Wimbledon: Rafael Nadal has got more than other players, says Juan Martin del Potro
It also followed a semi-final defeat to Nadal at the French Open last month where he won just seven games. "Rafa is a fighter and he has a fantastic game. He deserves to win today and keep winning," said the 29-year-old Argentine
Juan Martin del Potro claimed Wednesday that Wimbledon conqueror Rafael Nadal has more weapons at his disposal than any other player after losing a five-set Wimbledon quarter-final epic. World number one Nadal saw off Del Potro 7-5, 6-7 (7/9), 4-6, 6-4, 6-4 after four hours and 48 minutes on Centre Court to reach his sixth Wimbledon semi-final and 28th at the majors. For Del Potro, who dived, tumbled and slipped as he tried to contain the two-time Wimbledon champion it was an 11th defeat in 16 meetings with the Spaniard. It also followed a semi-final defeat to Nadal at the French Open last month where he won just seven games. "Rafa is a fighter and he has a fantastic game. He deserves to win today and keep winning," said the 29-year-old Argentine.
"I'm glad to play in this level against the No. 1 in the world. "I was close to beating him and I couldn't because Rafa always has a little bit more than the rest of the players on tour." Nadal, in the quarter-finals for the first time since finishing runner-up to Novak Djokovic in 2011, carved out the crucial break in the opening set for a 6-5 lead and claimed the opener off a Del Potro backhand error. The world number one then wasted four set points in the second. One of those was on a double fault in the tiebreak and the giant Argentine pounced to level the tie. Former US Open champion Del Potro then stunned the Spaniard with the only break of the third set in the 10th game, secured with a deep forehand. But back came Nadal to level before an enthralling final set which was punctuated by great shot-making and spectacular dives and falls by both players.

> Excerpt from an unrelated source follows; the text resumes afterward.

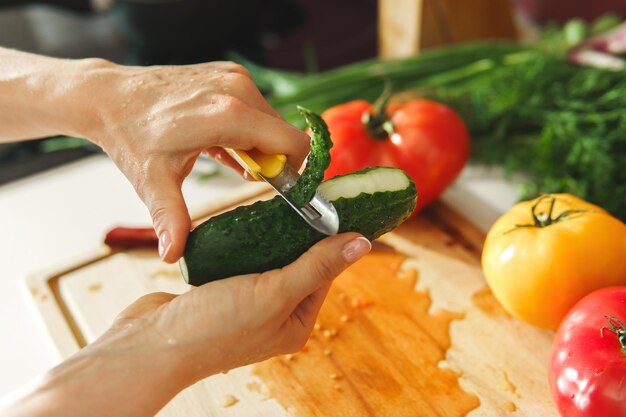 Photo closeup of female hand with peeler and cucumber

Nadal broke for 3-2 but had to save break points in the sixth and eighth games before securing a memorable victory. A weary Del Potro, a semi-finalist in 2013, finished with 33 aces and 77 winners but even those impressive statistics were not enough.

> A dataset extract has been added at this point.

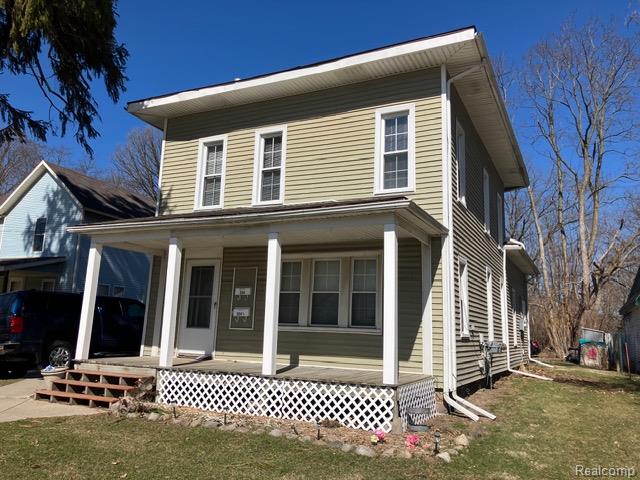 504 E Clinton Street, Howell, MI 48843 — front exterior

"Well, at the moment I'm feeling sad after almost five hours of running and playing this high level against the No. 1 in the world and losing," added Del Potro. "It's not good for me. But maybe tomorrow or after tomorrow when I get home and I watch the match or some points again, I will be glad with my level, with my style of game." Nadal, the 2008 and 2010 champion, will now face three-time winner Djokovic for the 52nd time with the Serb holding a 26-25 edge. With Roger Federer knocked out by Kevin Anderson, who faces John Isner in the other semi-final, both Nadal and Djokovic have an ideal opportunity to add to their Slam collections. Nadal has 17 while Djokovic has stalled on 12 since completing the career Grand Slam at Roland Garros in 2016.

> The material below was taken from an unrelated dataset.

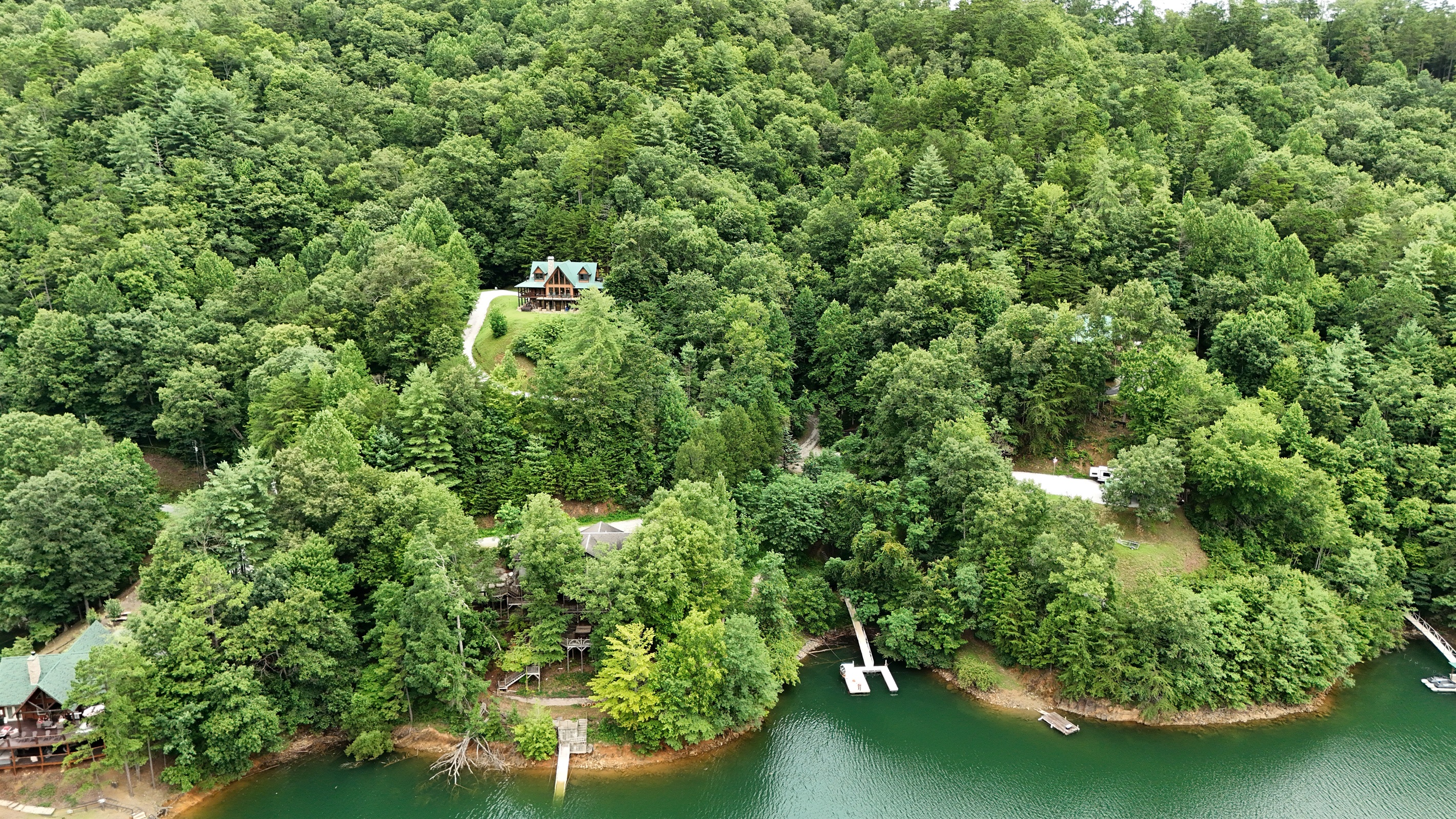 Exterior View: Nestled in lush greenery, this retreat offers stunning lake views and tranquility!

"Sorry to Juan Martin, he's an amazing opponent and player. In some ways he deserves to win as well," said Nadal after the breath-taking quarter-final. "Anything could have happened, so this is a big achievement for me to get to the semi-finals at Wimbledon. "In the last set there was a little of everything, great points, great rallies, he was hitting crazy with his forehands. I tried to resist and maintain focus." As Nadal looks ahead to the semi-finals, Del Potro heads for his next tournament. "I play Los Cabos in Mexico -- the beach," he smiled.